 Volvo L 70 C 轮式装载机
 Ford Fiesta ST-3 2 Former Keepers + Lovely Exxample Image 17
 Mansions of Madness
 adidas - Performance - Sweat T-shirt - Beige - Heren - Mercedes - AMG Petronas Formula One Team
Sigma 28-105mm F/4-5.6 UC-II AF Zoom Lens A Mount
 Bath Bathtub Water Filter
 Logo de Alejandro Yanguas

==

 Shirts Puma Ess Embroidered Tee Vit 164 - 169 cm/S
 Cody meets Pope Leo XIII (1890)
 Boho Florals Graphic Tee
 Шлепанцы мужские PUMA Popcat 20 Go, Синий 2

ABOUT THIS EXERCISE ▸ Please transcribe exactly the lines above from the line that has "Sigma 28-105mm F/4-5.6" up to and including the line that has "Logo de Alejandro Yanguas"; no other line belongs in the answer.

ANSWER SECTION ▸
Sigma 28-105mm F/4-5.6 UC-II AF Zoom Lens A Mount
 Bath Bathtub Water Filter
 Logo de Alejandro Yanguas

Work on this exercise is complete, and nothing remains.